The first conviction for this offence was in 2000. The coroner reporting on the 1998 Omagh bombing recommended that the Director of Public Prosecutions for Northern Ireland should prosecute for two counts of child destruction as well as 29 of murder, as one of the people killed was 34 weeks pregnant with twins.

== Australia ==

Each state and territory of Australia has a separate criminal code. The offence is called "killing unborn child" and can be committed only around the time of childbirth in Queensland, Western Australia, and the Northern Territory. It is called "causing death of child before birth" in Tasmania. In South Australia, it comes under the heading of "abortion". The definition is somewhat broader in the Australian Capital Territory, and comparably broad to English law in Tasmania and South Australia. The offence was abolished in Victoria by the Abortion Law Reform Act 2008.

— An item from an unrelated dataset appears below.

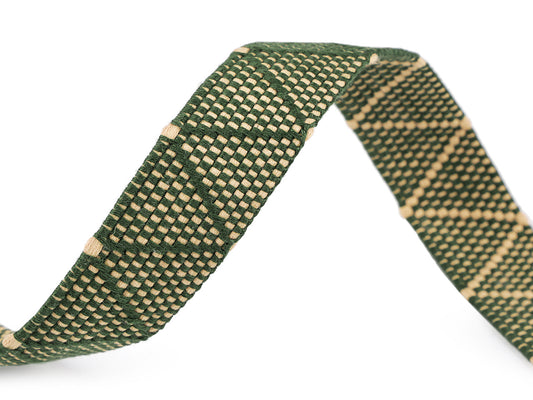 Sangle tressée double face, largeur 30 mm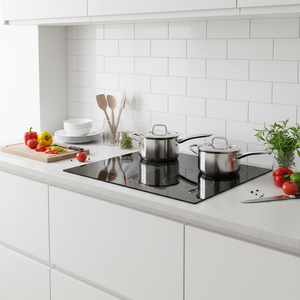 כיריים אינדוקציה חשמליות מובנות לבית, איכות גבוהה, עם בקרת מגע FLEX ZONE, מתוצרת מפעל - Product Image 6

New South Wales does not have a child destruction enactment, but the Crimes Amendment (Grievous Bodily Harm) Act 2005 (NSW) amended the Crimes Act 1900 (NSW) so that
s 4(1)(a) now defines "grievous bodily harm" as including "the destruction (other than in the course of a medical procedure) of the foetus of a pregnant woman, whether or not the woman suffers any other harm".

== Hong Kong ==
Child destruction is defined in section 47B of the Offences against the Person Ordinance. A person guilty of child destruction is liable to be punished as though he was guilty of manslaughter. This means that he is liable to imprisonment for life and to pay such fine as the court may award.